(Records supplied begins)

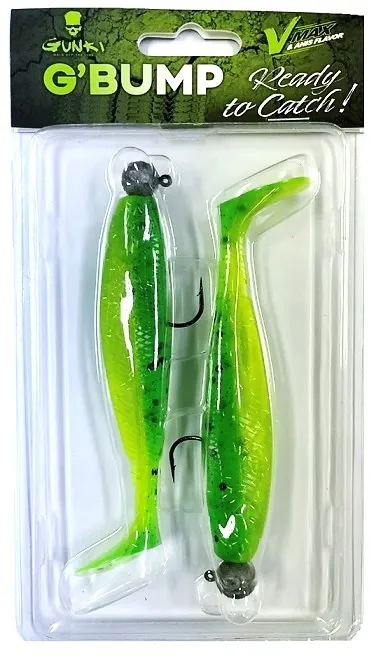 Gunk Gumová nástraha Bump Ready To Catch 10,5 cm 7g + 10g Lime Chart Pepper 2ks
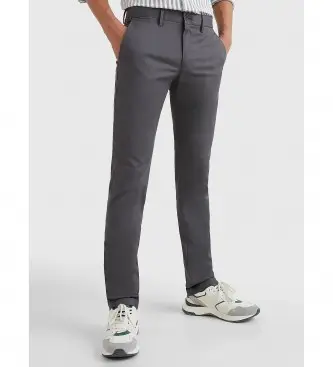 per uomo MW0MW28883 Pantaloni chino in cotone stretch grigio Bleecker (38/30), Casual, Cotone biologico, Sostenibile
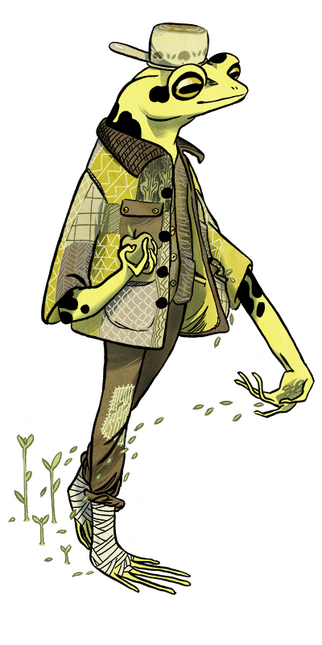 a golden toad scattering seeds as they walk. they wear a saucepan as a hat, and hold an apple.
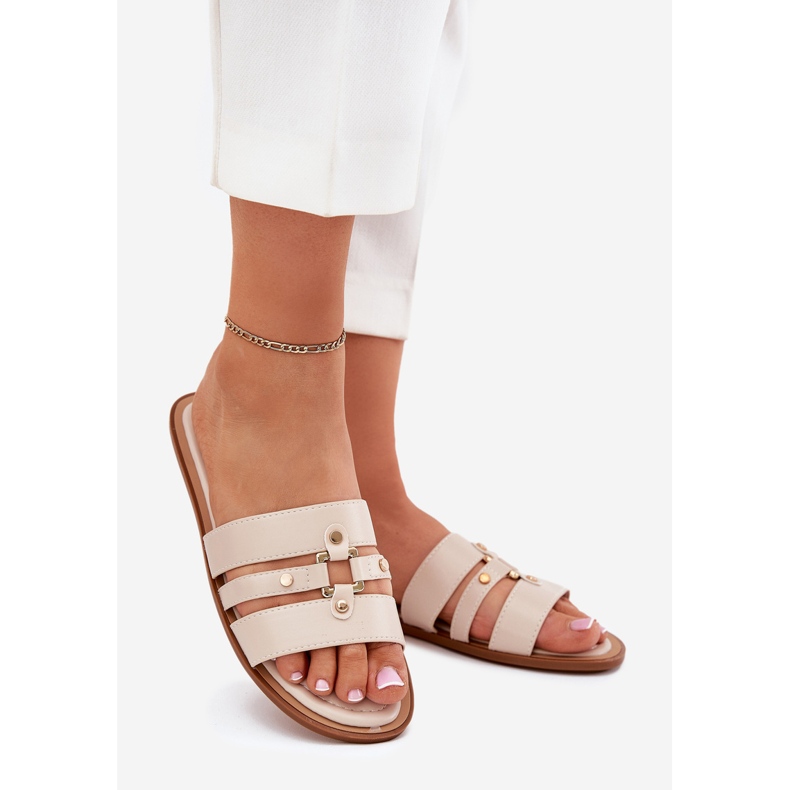 Flip de mulheres planas com detalhes dourados bege 1 Flip de mulheres planas com detalhes dourados bege 1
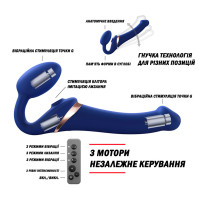 Безремінний вібрострапон з вакуумною стимуляцією Strap-On-Me Multi Orgasm Blue L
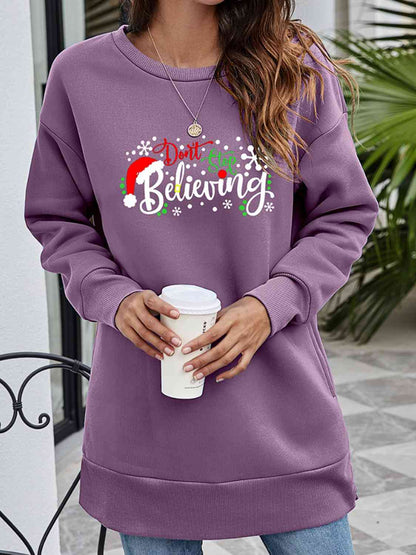 DON'T STOP BELIEVING Sweatshirt mit überschnittener Schulter und Grafik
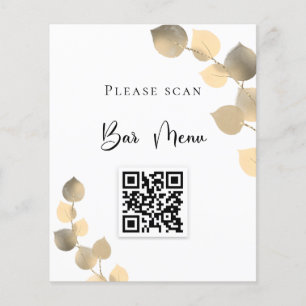 Pub-menyn QR-kod eucalyptus golden Flygblad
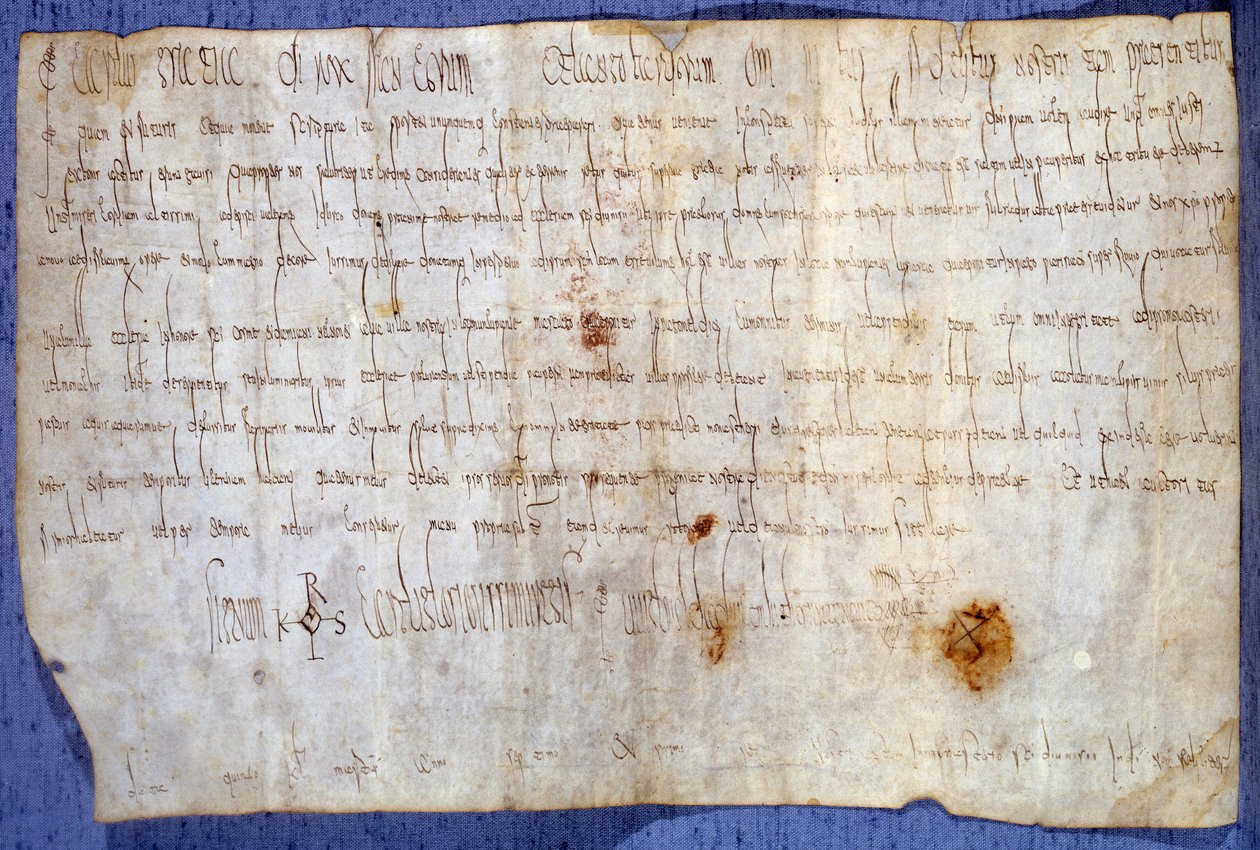 Listina krále Karla Velikého (Karel I., Karel Veliký nebo Carolus Magnus) (742-814) osvobozující opatství Saint Germain des Pres od daně dne 27. 3. 779. Paříž, Národní archiv od Anonymous Anonymous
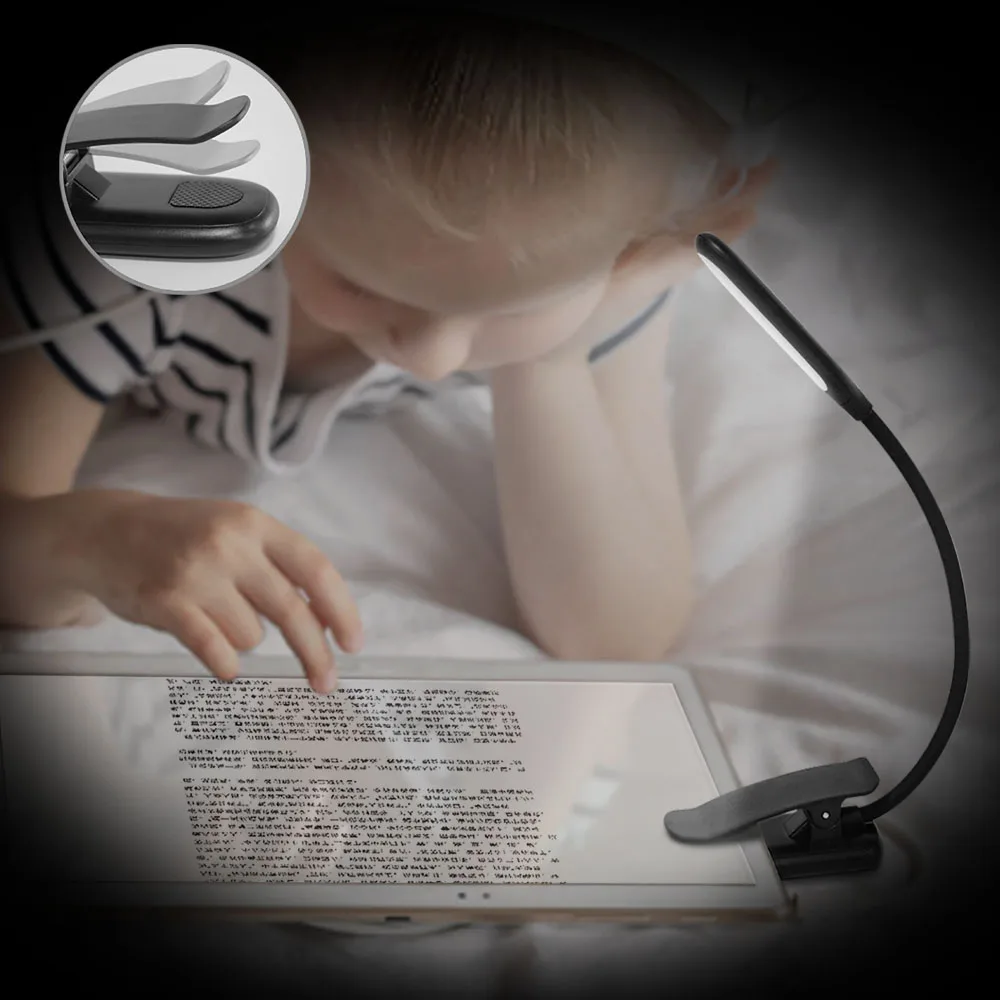 Factory Direct Sale  Free Sample 14 Led Rechargeable Portable Mini Flexible Book Lights for Reading in Bed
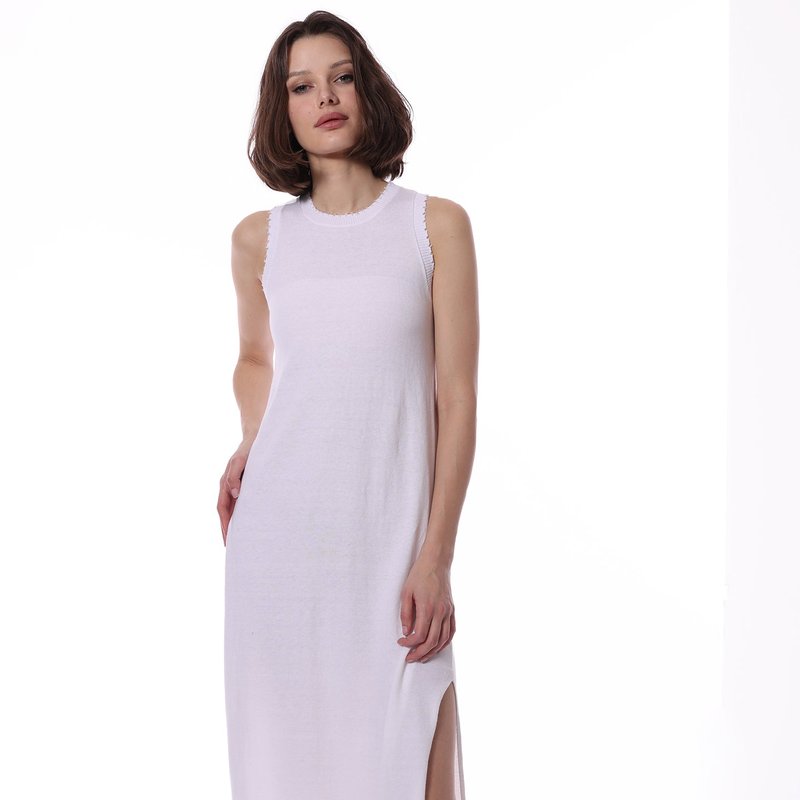 Minnie Rose Cotton Cashmere Maxi Frayed Edge Tank Dress In White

(Records supplied ends)

**Requirement**
Output, line for line and exactly, the records above from their first line through the one with "a golden toad", both ends included, but no pictures.

**Task response**
 Gunk Gumová nástraha Bump Ready To Catch 10,5 cm 7g + 10g Lime Chart Pepper 2ks
 per uomo MW0MW28883 Pantaloni chino in cotone stretch grigio Bleecker (38/30), Casual, Cotone biologico, Sostenibile
 a golden toad scattering seeds as they walk. they wear a saucepan as a hat, and hold an apple.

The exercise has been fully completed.